ライクでもラブでもどっちでも
室井さんが好きです、と、彼は目を逸らさずに言った。
「あ、好きっていうのはですね、ラブじゃなくてライクのほうですよ!」
口調は冗談混じりなのに、いつもいたずらに緩む目元だけが真摯だった。彼の本音は解りづらいけれど、どこかに必ず答えがあるのだと最近知った。
「……知ってる」
「うわ、自信満々ですね」
「少なくとも俺は嫌いな相手と酒を飲む気もないし家に上げる趣味もないぞ」
「俺もそれぐらいは知ってますよ〜」
ならなぜあんなことを言ったんだ、とは聞けなかったし、聞かない。互いのバランスが少しでも狂ってしまえば、この関係は終わってしまう気がしたからだ。けれどそこまで考えてから、室井は自嘲気味に目の前の酒を呷る。
「あ、それ俺が狙ってた」
青島が口を尖らせてローテーブルを叩く。うるさいから止めろとたしなめて、三分の一の残りを差し出すと、彼はゆるく首を振った。それにほっとする自分が、室井は嫌いだった。
「あーでももうコタツの時期っすねえ」
「まだ暑いだろ」
「十一月ですよ?この前はさすがに暑かったけど、二か月前だし……」
そんなに時間がたったのか、と思った。そういえば、今年最後のクーラーはあの日だった。それからもう二か月。仕事が決して忙しいわけではないけれど、青島がいなければ季節を感じることもあまりない。むしろ言われて思い出すのだ。それは十五夜だったり、夏至だったりする。
「前は満月でしたっけ」
「君は団子を持ってきたな」
「そうだったかなー……。あ、そうだ署でお月見したんだ」
平和だな、と苦笑しながらも室井は知っていた。湾岸署ではそんなこと、しなかったらしい。
『やっぱりコドモよね』
それを教えてくれた彼女は、記憶の中で呆れながら微笑んでいる。それは青島のことかと尋ねたら、ふたりともよと即答された。
『口実がないと、会えないんでしょ?それって言い訳するコドモとおんなじ』
黒い大きな目が、室井を見透かすように見つめる。何かに似ていると感じた。それは青島が、自分と飲んでいる時の瞳の色に近かった。それなら青島は、自分から何かを見透かそうとしているのだろうか。
「青島」
「なんですかぁ?」
答えは出ない。
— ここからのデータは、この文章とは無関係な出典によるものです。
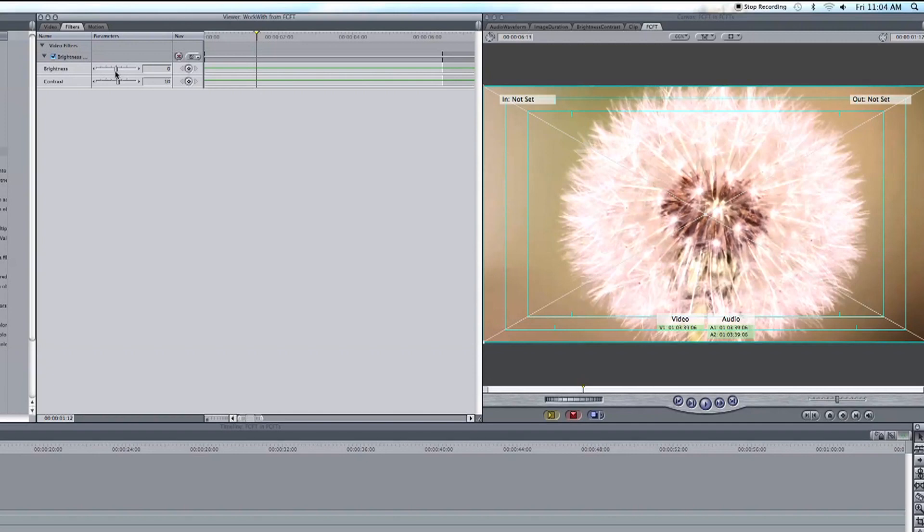These controls here are great for trying to add some light to a shot or get things to look a little crisper. But let's show you how you can get more use out of this by adding that three way color corrector I mentioned at the beginning of this video.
勝算もない。でも、でも1パーセントの可能性にかけることを教えてくれたのはまぎれもなく、目の前のこの男だ。
『……室井さん、知ってる?』
「むろいさん?」
ローテーブルの上の手に、自分の掌を重ねてみた。青島が息をのむ。なにやってんですか、と笑おうとして、失敗していた。
『綱引きってね、どっちかが力を緩めたら、』
「青島、俺は」
黒い瞳がわずかに揺れた。そして、彼はさっきよりも強く首を振る。まるでもう室井の言いたいことを知っているようだ。青島は、室井を遮るために、必死に言葉を探しているようで、何度も唇を開いたり閉じたりしている。
『その瞬間に、縄を引くの』
身を乗り出す。ビールの空き缶が何個か床に落ちた音がしたが、室井は気にも止めない。そして、青島の唇に自分のそれをそっと重ねた。
「……君が、好きだ」
『そうすれば、自然に相手を自分のほうに引っ張れるのよ?』
にっこりと綺麗な笑顔を見せた彼女のことを信じて、室井はじっと青島のこたえを待つことにした。身体をすっと離して、重ねた掌も外そうとする。が、それは阻まれた。
「青島?」
彼の指が、 見逃しそうなくらい、ほんの少し、去っていく室井の掌を掴んでいる。
「……室井さんは、ずるい」
ずるいよ、と言って、青島が笑った。涙が一筋だけ頬を滑る様子がスローモーションのように見える。
「俺がずっと我慢してたこと、そうやって簡単にしちゃうんだもんなあ」
「簡単じゃない」
「だってフツーじゃん。俺ばっか余裕ない。……嫌なんですよこういう対等じゃないのって」
何を馬鹿なことを、と思った。口には出さず、テーブルをどかして青島の前に座る。そしてゆるく繋がったままの彼の掌を、自分の左胸へ持っていった。
「情けない話だが、俺もかなり緊張してる。わかるだろう?君がどう思ってるのか知らないが、俺だって――好きな相手の前なら緊張だってするし、一歩踏み出すのも怖い」
「……」
「俺は変か?」
「…………室井さんが、饒舌なの、慣れない。開き直ると大胆ですね」
「これ以上綱引きするのは嫌だからな」
つなひき?と首を傾げる姿がとてもいとしいと思う。青島は顔を赤くして、けれども掌はそのまま室井の心臓の音を聞いている。やがて、彼の空いた手が、同じように室井の手を心臓に誘った。そこで聞こえる音が、とても激しいものだということにひどく安堵する。
「室井さんの好きって、どっちの好き?」
声が微かに震えていたことを、知らん振りして、室井は「お前の望むほうで」と答えた。
「……サイテー。やっぱりずるいよ室井さんは」
「嫌か?」
「嫌じゃないのが嫌ですね。……俺、本当は、室井さんのこと、好きですよ」
その言葉と同時に、青島の身体を引っ張り抱き締めた。青島は抵抗しない。代わりに室井の背中に腕を回してきゅっとシャツを握る。
「それは、どっちの意味だ?」
「室井さんのお好きなほうでどうぞ。――俺的には、ラブのほうが、おすすめですけど」
そういって笑った声が、微かに震えていたから、ふたりはもっともっと強く抱き合った。
綱を引く代わりに。
***
一番最初に書いた馴れ初め。
こういうふたりもアリだと思います。